╭─ DATA EXTRACT

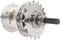 Sturmey Archer A2 Automatic 2 speed vrijloopnaaf 36 gaats - zilver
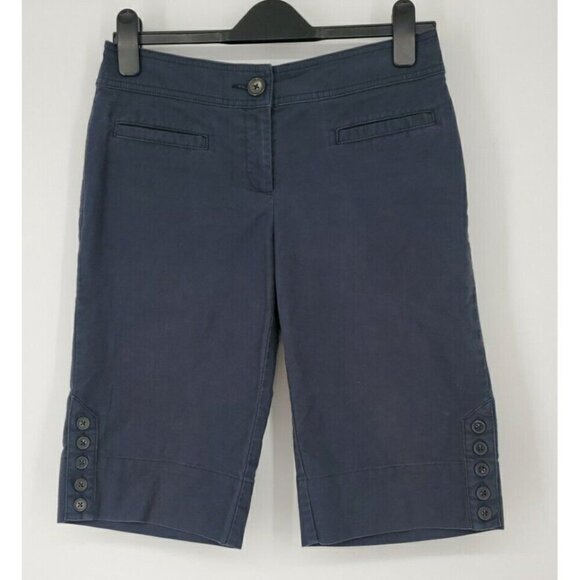 Cabi Bermuda 'Marine' Navy Shorts Size 4 Mid Rise NWT - Picture 4 of 13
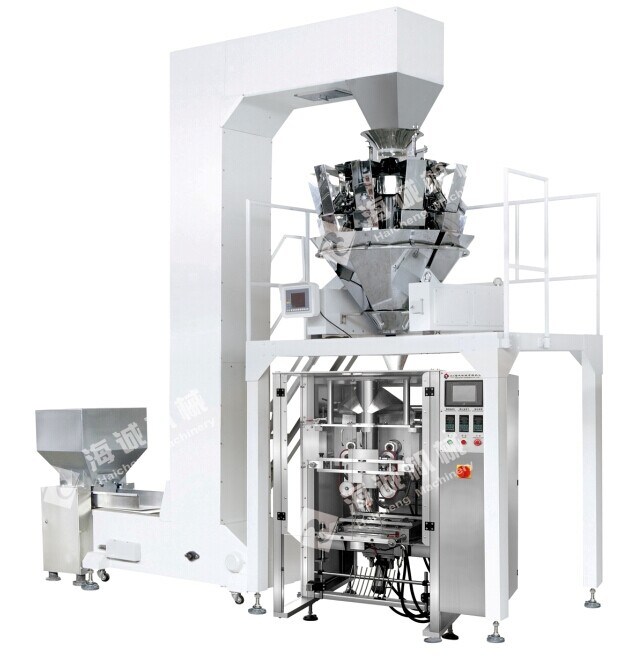 R Vffs Potato Chips Banana Chips Packing Production Line 420c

╰─

◆ WHAT IS BEING ASKED ◆
Restate the data above word for word, so that the only difference is the missing pictures.

◆ THE COMPLETED TASK ◆
 Sturmey Archer A2 Automatic 2 speed vrijloopnaaf 36 gaats - zilver
 Cabi Bermuda 'Marine' Navy Shorts Size 4 Mid Rise NWT - Picture 4 of 13
 R Vffs Potato Chips Banana Chips Packing Production Line 420c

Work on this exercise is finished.